Movies I've heard are great but unfortunately haven't gotten around to seeing: Spotlight, Sicario, The Revenant, Brooklyn, Carol, The Hateful Eight, Room
  1. End of the Tour
    The best kind of movies are the ones that are actually about more than they seem they are. The End of the Tour is an incredible glance at David Lipsky's interview with the eccentric author David Foster Wallace, joining him on the last few stops of his book tour. What this film does so well is portray the conflict between Lipsky seeking glory and prestige and Wallace wanting to be a regular guy, and how both are jealous of each other and can't bear to see each other waste what they want.
  2. Inside Out
    What this film so beautifully and impactfully achieves is that it tells two stories- one about two little beings who get separated from headquarters and race against time to get back and save their world. The other is about a girl growing up and dealing with problems in her life. Both, if done well, could be very good movies. But when these two stories are combined and associated, a completely new meaning is created, a beautiful story built out of others.
  3. Bridge of Spies
    Leave it to the Coens to find and adapt the perfect true story to convey the subject. The dialogue in this film is impeccable. Every scene is perfectly scripted, and perfectly performed at that. Mark Rylance is great, Tom Hanks is awesome, and this film is overall riveting, even though it is mostly dialogue, save for some incredible sequences, my favorites being the plane scene and the opening train station sequence.
  4. Mad Max: Fury Road
    The new Star Wars film was good, but it only met franchise expectations (which isn't really its own fault, considering Star Wars's reputation). Mad Max takes the expectations and lights them on fire, immolating them in the name of Valhalla all while yelling "witness me" through chrome teeth. This movie is incredible, and somehow stands on its own.
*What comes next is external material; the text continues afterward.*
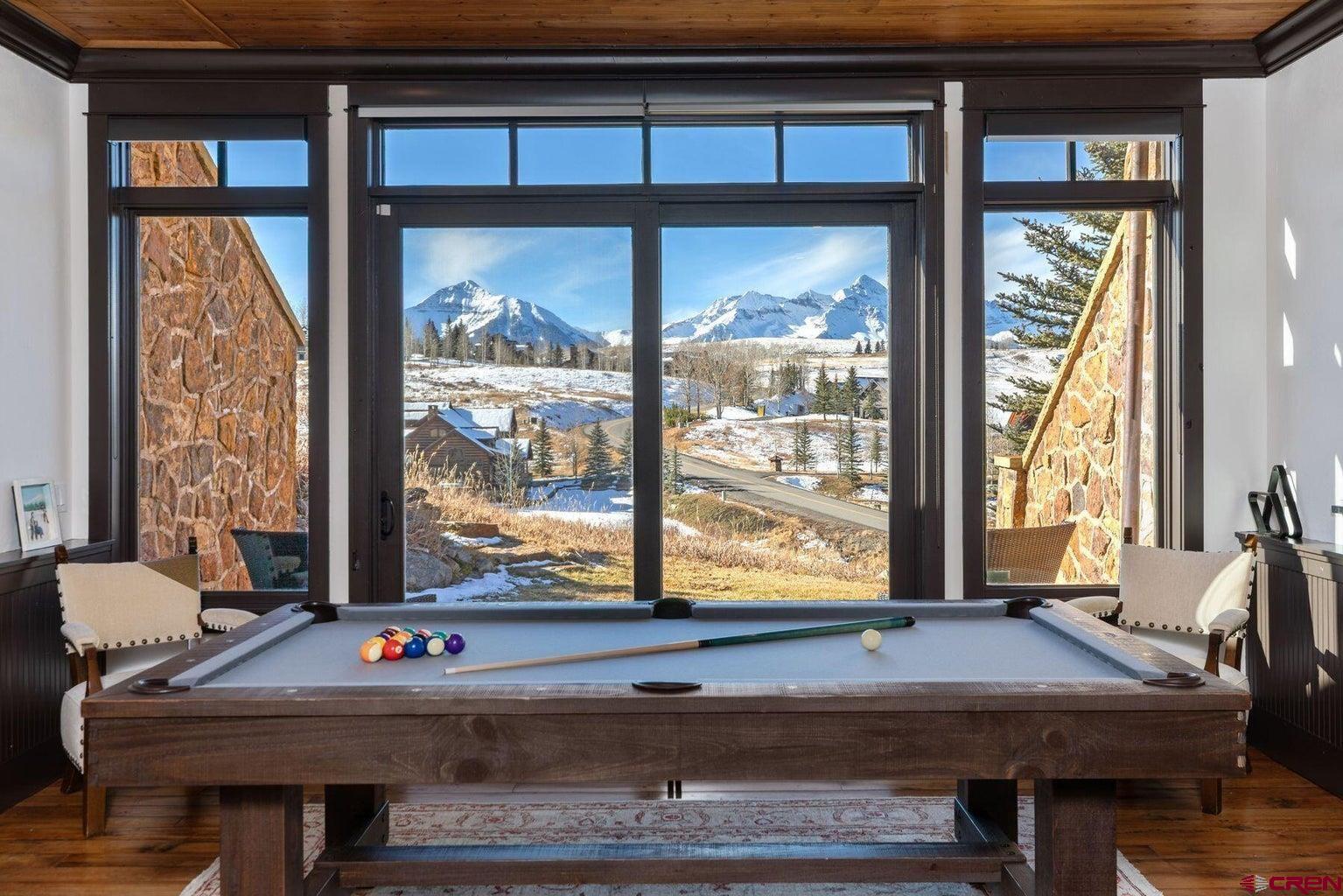 172 Adams Ranch Road Mountain Village, CO 81435 - Photo 18 of 29 a room with furniture pool table and windows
I haven't seen any of the other Mad Max films, but I definitely intend to.
  5. The Big Short
    This film is marvelous, one of the most interesting 'true story' movies in recent years. What the film does so well is boil down a complex issue to a form in which it is accessible, comprehensible, but still very informative. Adam McKay's unique storytelling style certainly lends itself to this film, using his quirky take on the serious issue to sharpen its teeth and also to lighten the mood.
  6. Star Wars: The Force Awakens
    By far the most anticipated film of the year, The Force Awakens certainly does all it can to live up to its high expectations. And to a remarkable degree, it does. It doesn't necessarily strive to be excellent or groundbreaking, just good enough to revamp the franchise. And with such high expectations, good enough is pretty good.
  7. The Good Dinosaur
    A playful reimagining of prehistory through a fun medley of styles, The Good Dinosaur is a great, emotionally riveting film that, while a little dependent on the so-called "Pixar formula", gives everyone a fun, harmless time. Well, some kids may be scared, but it's definitely a fun time for the adults in the audience. It's quite original, although not as creative story-wise as I would have hoped, although Pixar more than made up for this earlier in the year.